O segundo documentário de Paulo Patrício utiliza uma belíssima animação, tal como fizeram filmes como Waltz With Bashir (2008) e mais recentemente Flee (2021), para dar voz e vida aos relatos destes dois jovens sobre a sua relação com Gisberta e também às amigas que falam sobre uma pessoa de espírito seguro, desesperadamente a tentar integrar-se, e de uma fragilidade económica, social e de saúde tal, que dão uma nova camada de barbaridade a atos que, por si próprios, já contam com a sua cota-parte de selvajaria.

No entanto, O Teu Nome É não parece vir de um espaço mental de revolta, apesar da naturalidade do sentimento à medida que ouvimos os entrevistados.
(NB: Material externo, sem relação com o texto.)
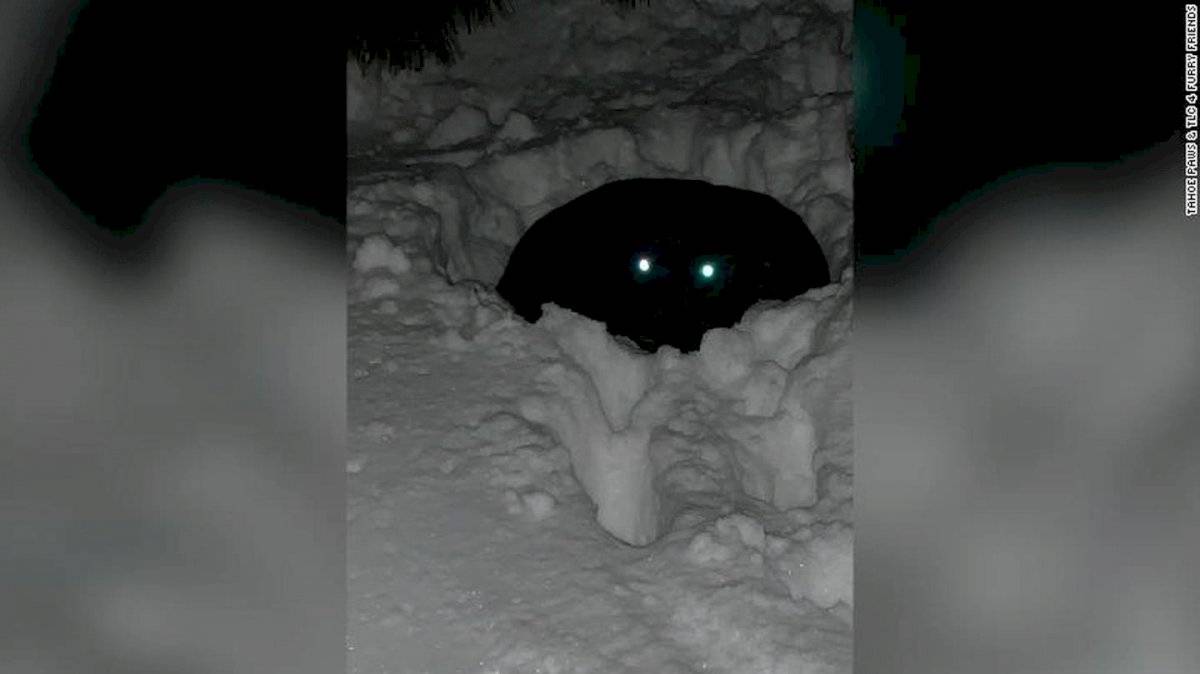 Perro perdido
Em vez disso, o documentário preocupa-se em devolver a humanidade que tão cobardemente tentaram roubar a Gisberta durante aqueles dias, através das palavras das suas amigas, lembrando que antes do mundo ter ganho um símbolo da luta trans, foi também perdida uma vida inocente pelo caminho. Ao mesmo tempo, a introspecção que os dois jovens fazem sobre os acontecimentos de há mais de 15 anos nunca é enquadrada de forma hostil, pelo contrário, é-lhes dado espaço e até algum nível de compreensão enquanto se discute as origens do preconceito, a classe social e as motivações por trás do homicídio de Gisberta.

Por defeito, O Teu Nome É não é um documentário que explore necessariamente estes temas aprofundadamente, salvo pelo meio de desabafos e confissões sinceras e humanas sobre o ódio irracional ao distinto e as fragilidades do espírito juvenil. Em troca oferece-nos o reacender de uma memória que nunca se deve extinguir, com particular urgência hoje quando vemos uma imprensa inundada de transfobia impune numa sociedade portuguesa ainda tão refém dos seus velhos e brancos costumes que teima em não perder.
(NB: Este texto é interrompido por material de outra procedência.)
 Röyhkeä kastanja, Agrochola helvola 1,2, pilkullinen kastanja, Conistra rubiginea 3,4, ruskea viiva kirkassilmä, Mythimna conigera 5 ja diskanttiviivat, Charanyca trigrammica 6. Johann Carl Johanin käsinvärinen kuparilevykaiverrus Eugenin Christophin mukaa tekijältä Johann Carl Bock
A beleza quase pré-adolescente da animação em prol de uma história tão mergulhada em violência como a de Gisberta, cria um contraste apropriado para os factos narrados nos relatos. É este contraste que dá vida a um documentário que nos lembra que o preconceito não é inato, é herdado e absorvido. São filmes como O Teu Nome É – sobre pessoas que viveram e morreram por aquilo que eram, pela sua identidade e por saberem quem eram e quem queriam ser – que nos permitem, como sociedade, mudar esta narrativa que há demasiado tempo é escrita com o sangue de quem só quer exercer o seu direito de viver.